Abstract
Research-based on user behavior analysis for authentication is the motivation for this research. We move ahead using a behavioral approach to identify malicious users and legitimate users. In this paper, we have explained how we have applied big data analytics to application-layer logs and predicted malicious users by employing a Machine Learning algorithm based on certain metrics explained later in the paper. Machine Learning would present a list of IP addresses or user identification tokens (UIT),deduced from live data which would be performing a malicious activity or are suspected of malicious activity based on their browsing behavior. We have created an e-commerce web application and induced vulnerabilities intentionally for this purpose. We have hosted our setup on LAMP [1] stack based on AWS cloud [2]. This method has a huge potential as any organization can imply this to monitor probable attackers thus narrowing down on their efforts to safeguard their infrastructure. The idea is based on the fact that the browsing pattern, as well as the access pattern of a genuine user,varies widely with that of a hacker. These patterns would be used to sort out the incoming traffic from and list out IP addresses and UIT that are the most probable cases of hack attempts.
1. Introduction
Applying big data analytics and machine learning on data obtained from application-layer logs would yield a list of probable candidates for malicious attempts. Plenty of work has been done in the field of cyber security and data analytics, but in this paper, we have proposed a new approach to predict a list of probable hackers. This approach is based on the application of Big Data Analytics with Machine Learning.

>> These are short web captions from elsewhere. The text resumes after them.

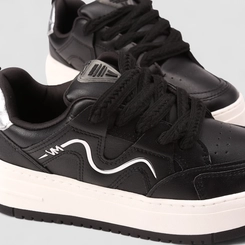 Tênis Casual Feminino Via Marte Detalhe Trançado Preto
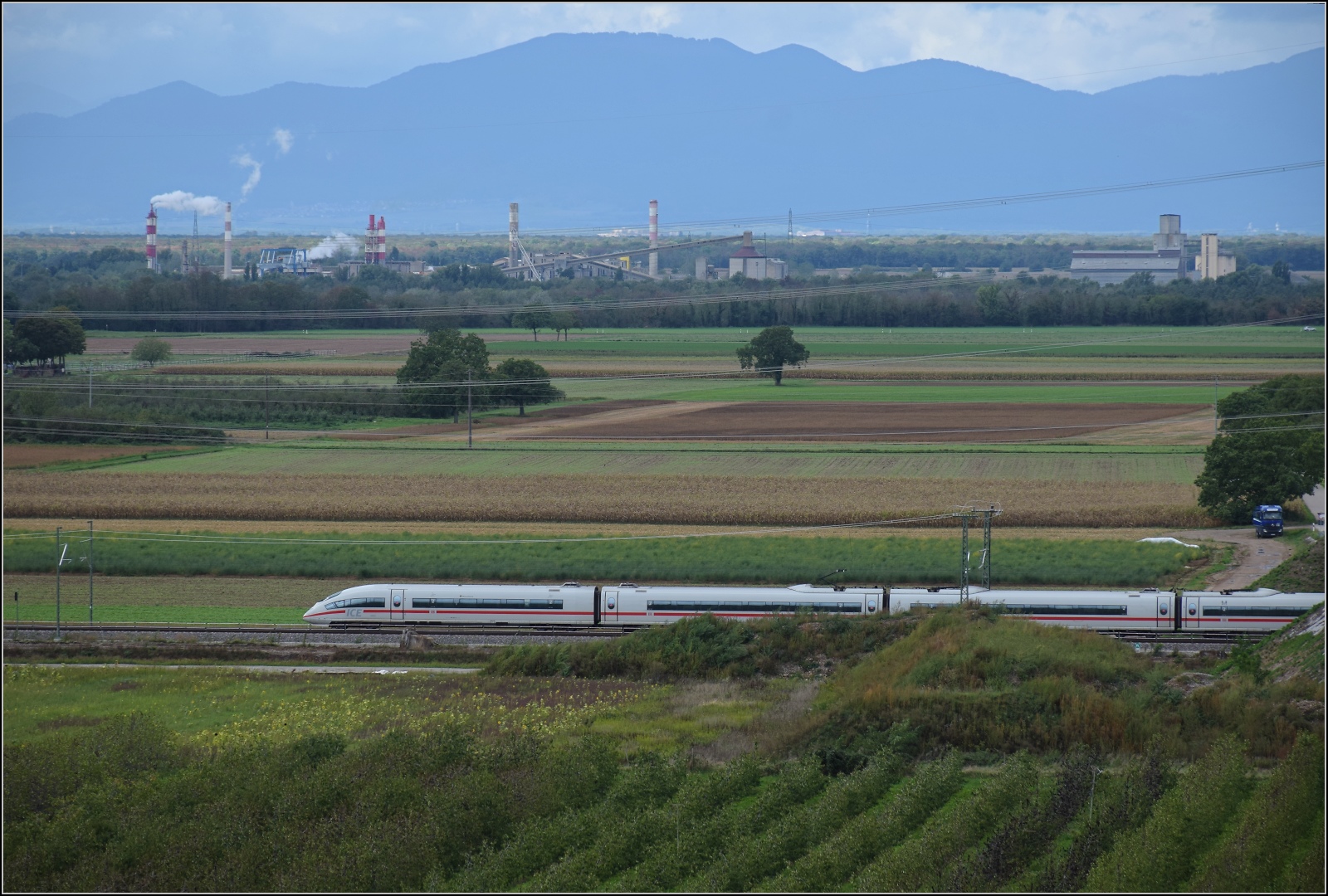 Schlechtwetter im Markgräfler Land.

406 004 'Mannheim' und 406 054 bei Auggen. September 2022.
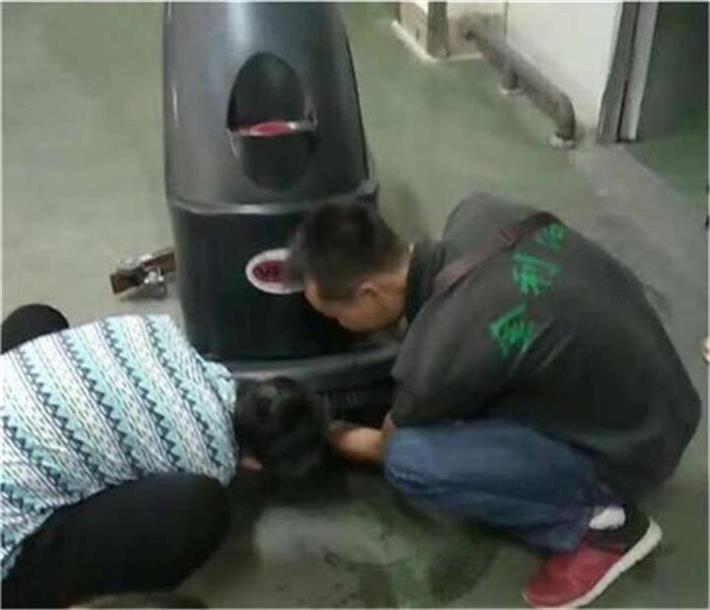 洗地機鉛酸電瓶保養(yǎng)維護注意事項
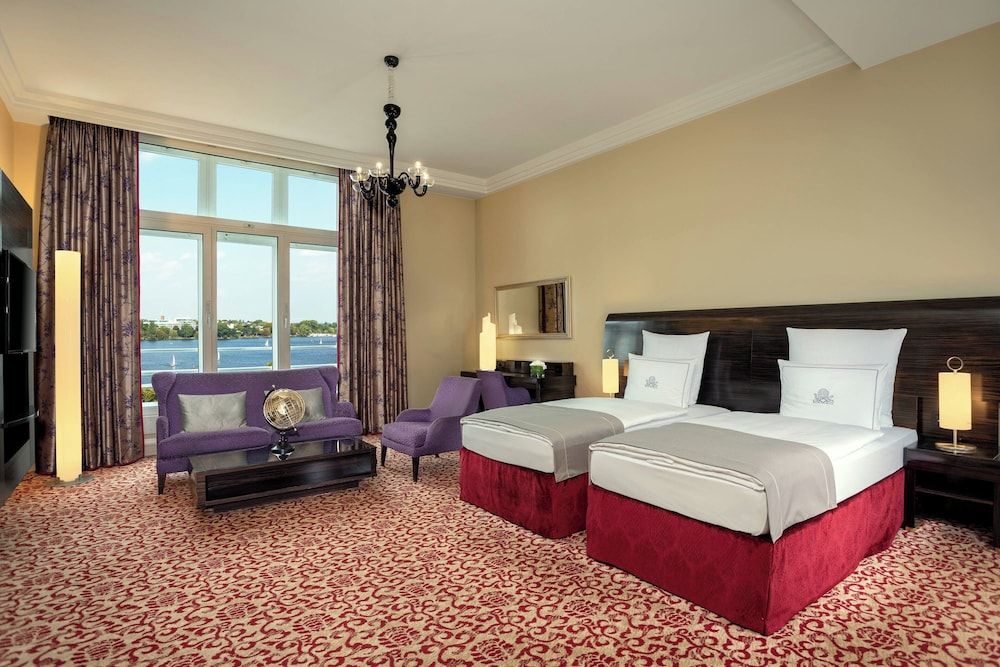 Junior Suite, 2 Twin Beds, Lake View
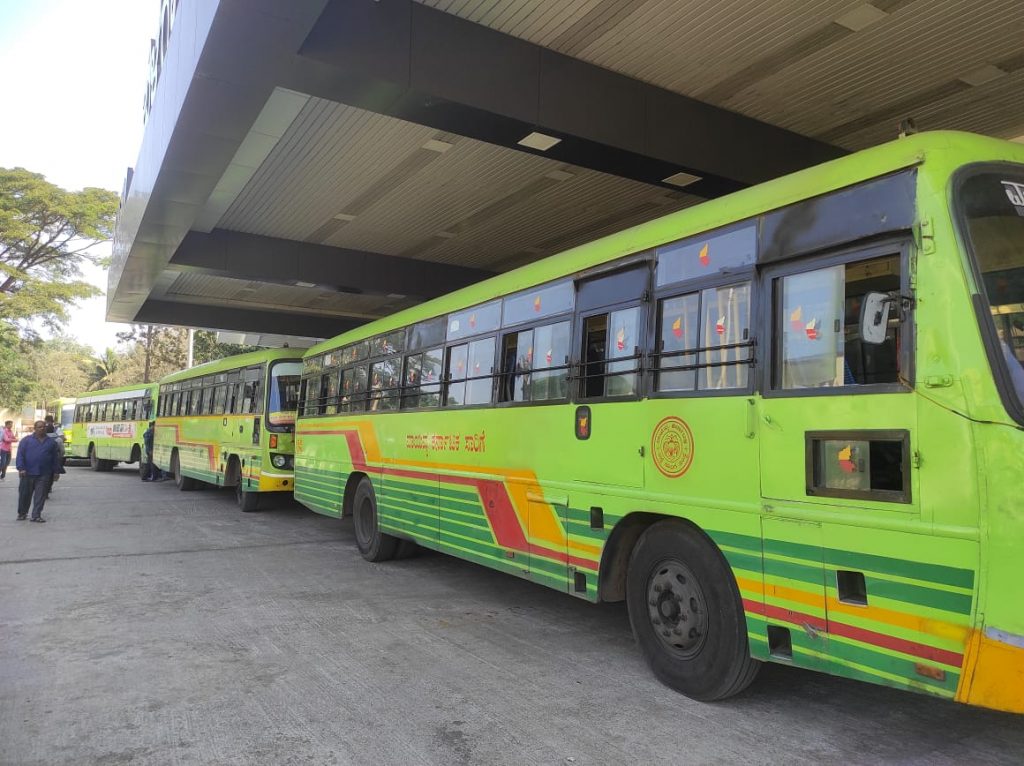 रेल्वे प्रवाशांच्या सोयीसाठी कोल्हापूरला थेट बससेवा Direct bus service to Kolhapur for the convenience of railway passengers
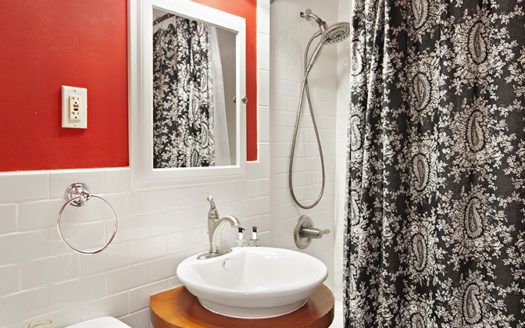 33 Greenwich Avenue, Residence 2H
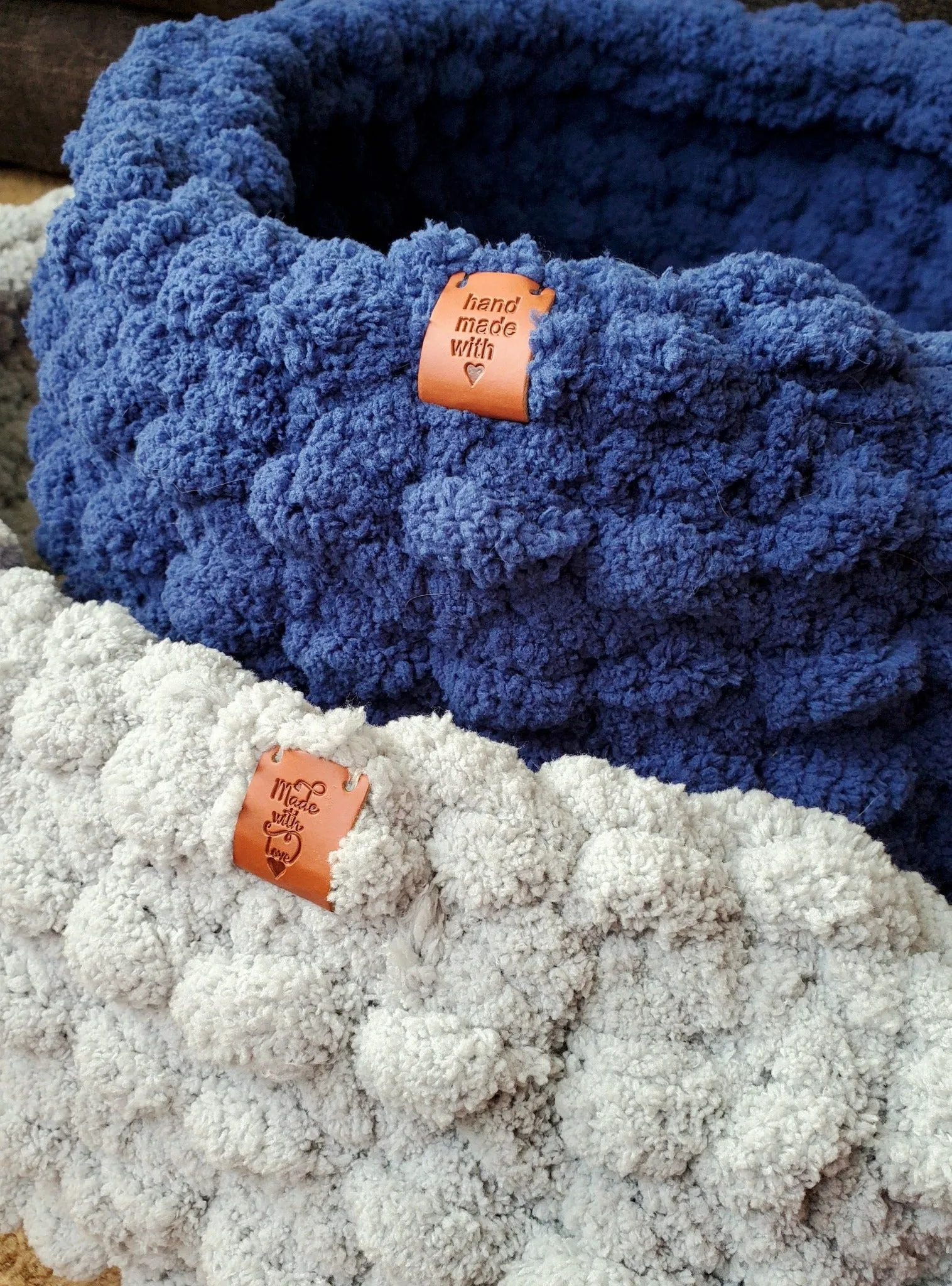 22" Chenille Pet Bed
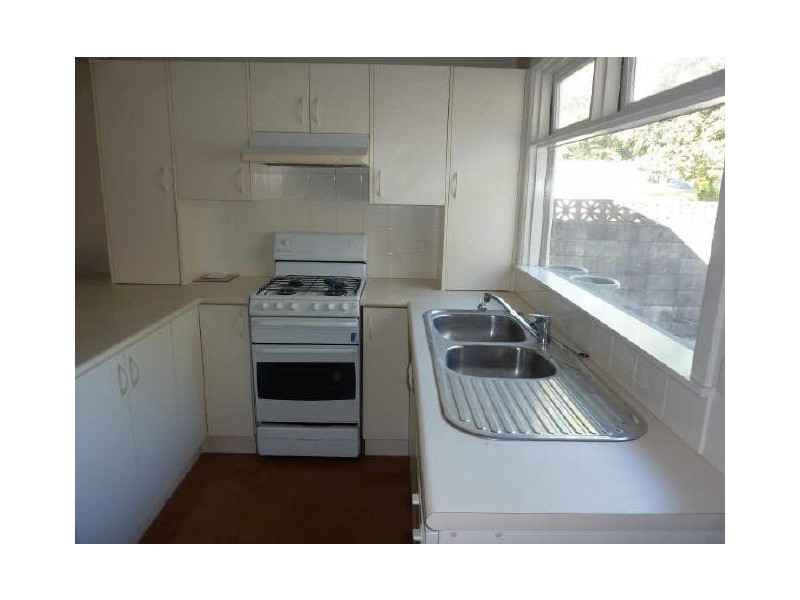 6 CONJOLA STREET, Mollymook NSW 2539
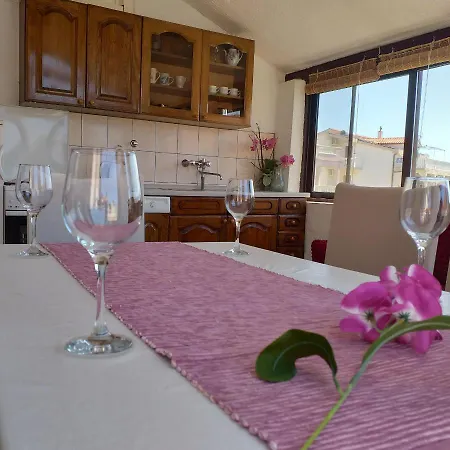 Antonela With Sea View Daire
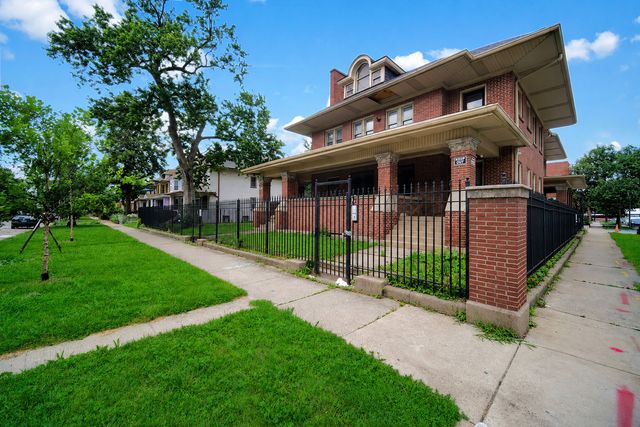 446 N Pine Avenue, Chicago, IL 60644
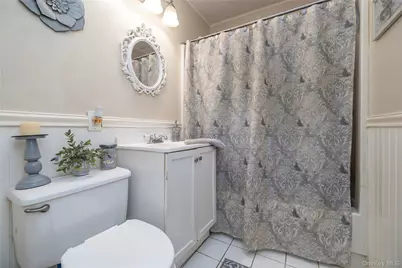 712 Nightingale Road, West Hempstead, NY 11552 - Photo 11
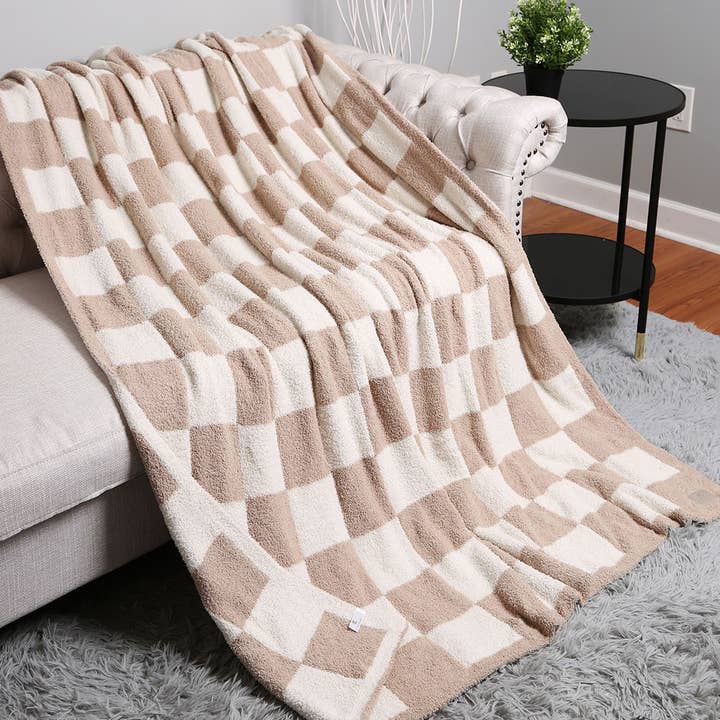 Fashion City - Wholesale Throw Blanket - Checkerboard Patterned Throw Blanket2
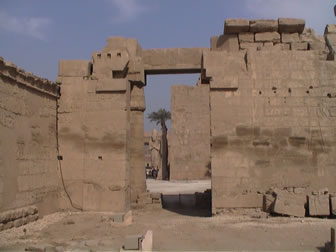 Imagen que muestra el Portal Bubastita en Karnak, de la XXII dinastía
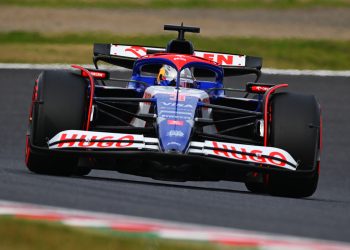 Daniel Ricciardo has promised to 'fire himself' into the points in tomorrow's Japanese Grand Prix. Image Clive Mason/Getty Images/Red Bull Content Pool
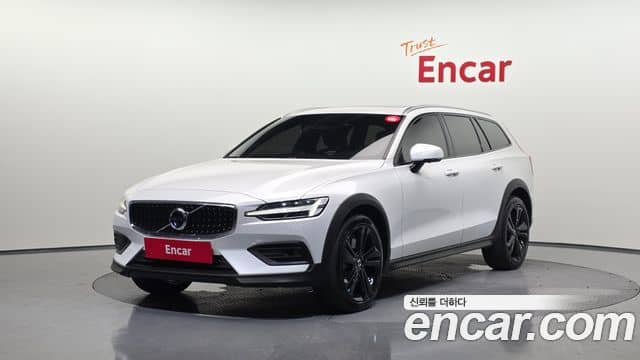 Volvo V60 Cross Country, 2020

Abramson and Aha [3] proposed the idea of user identification based on their web browsing behavior. It Not only identifies but also differentiates between users based on their web browsing behavior. Shi et al. [4] gave the idea of implicit authentication in which they proposed authentication of users based on their behavior patterns. Al-Khazzar and Savage [5] proposed how user authentication can be performed by using information collected from user behavior in reaction to a 3D Graphical maze. Each user had a unique reaction to the graphical maze which was the idea behind identification.